_RECORDED INFORMATION_:
[Start of Attachment]

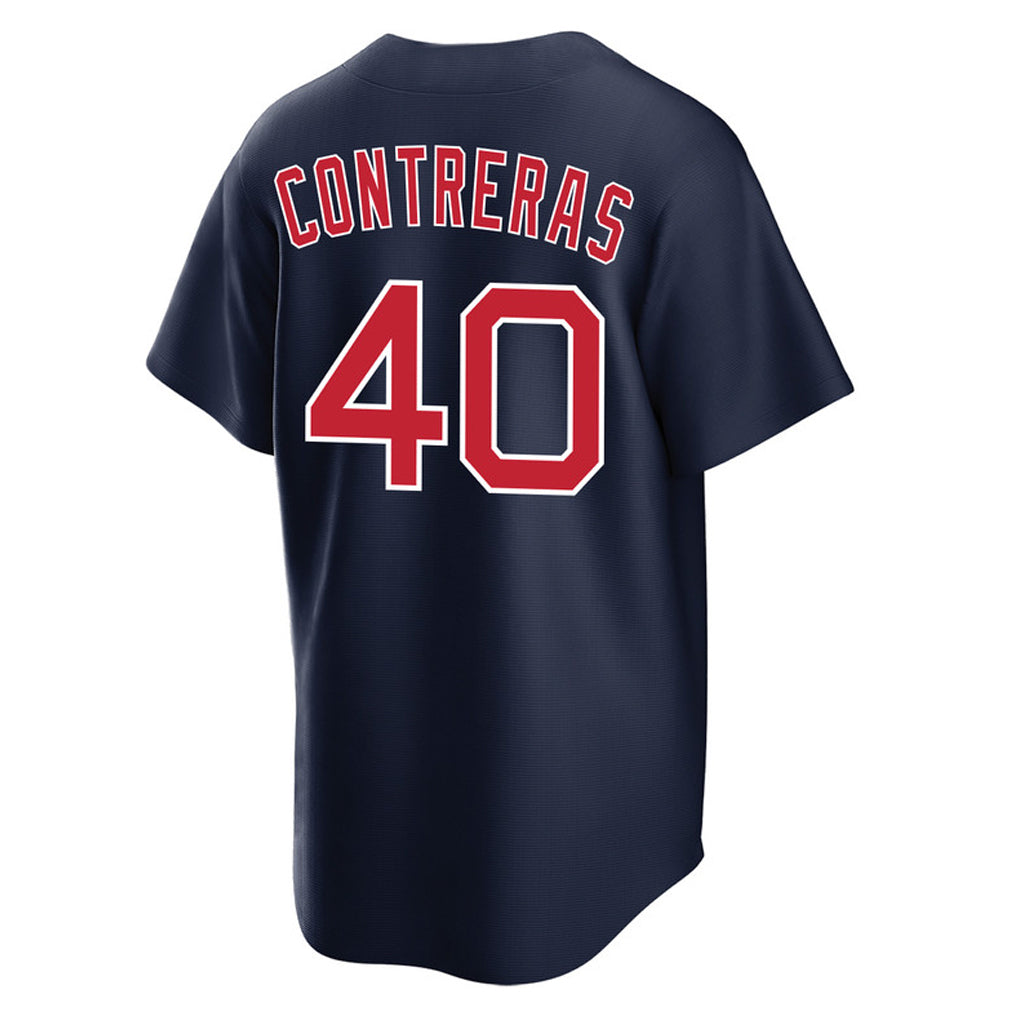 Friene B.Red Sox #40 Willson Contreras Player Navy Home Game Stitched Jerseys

[End of Attachment]
[Start of Attachment]

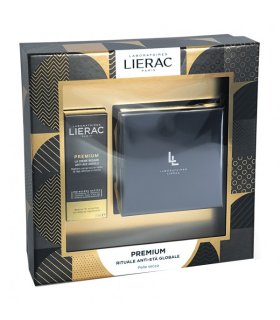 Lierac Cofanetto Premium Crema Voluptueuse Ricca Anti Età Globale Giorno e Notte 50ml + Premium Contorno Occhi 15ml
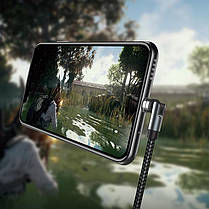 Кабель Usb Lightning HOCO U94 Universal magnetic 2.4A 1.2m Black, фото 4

[End of Attachment]
[Start of Attachment]

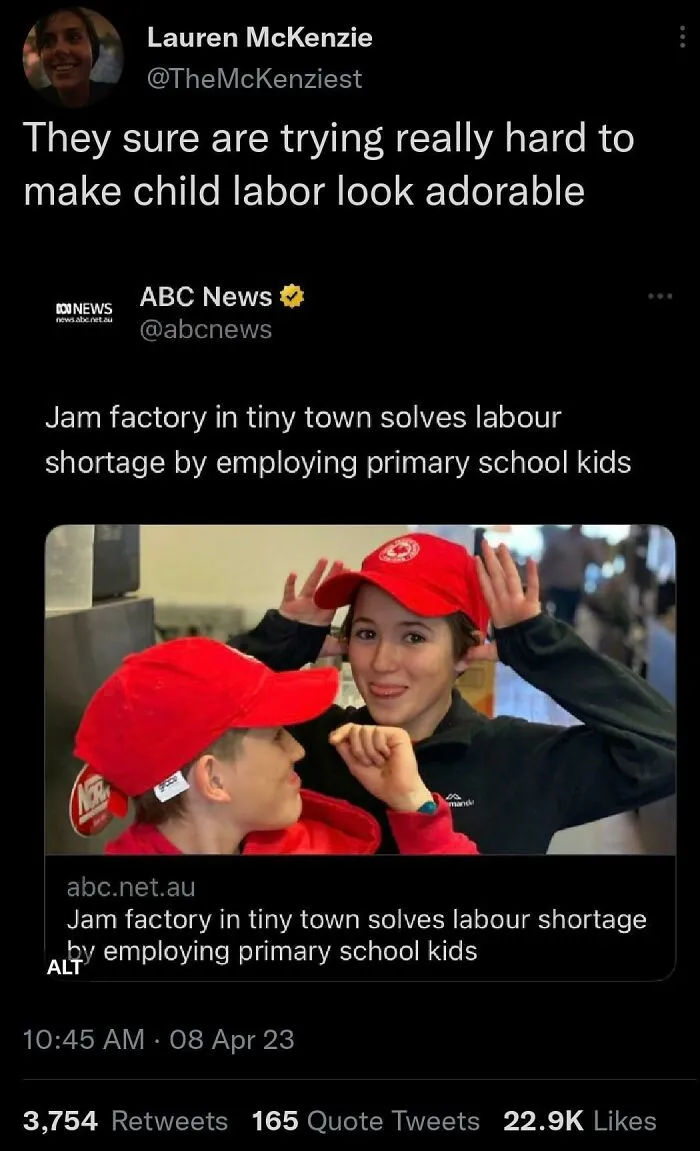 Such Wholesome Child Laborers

[End of Attachment]

_EXERCISE_: Given the records above, return the lines starting at the one that holds "Lierac Cofanetto Premium" and ending at the one that holds "Кабель Usb Lightning", exactly, and nothing besides; leave every picture out.

_OUTPUT_:
 Lierac Cofanetto Premium Crema Voluptueuse Ricca Anti Età Globale Giorno e Notte 50ml + Premium Contorno Occhi 15ml
 Кабель Usb Lightning HOCO U94 Universal magnetic 2.4A 1.2m Black, фото 4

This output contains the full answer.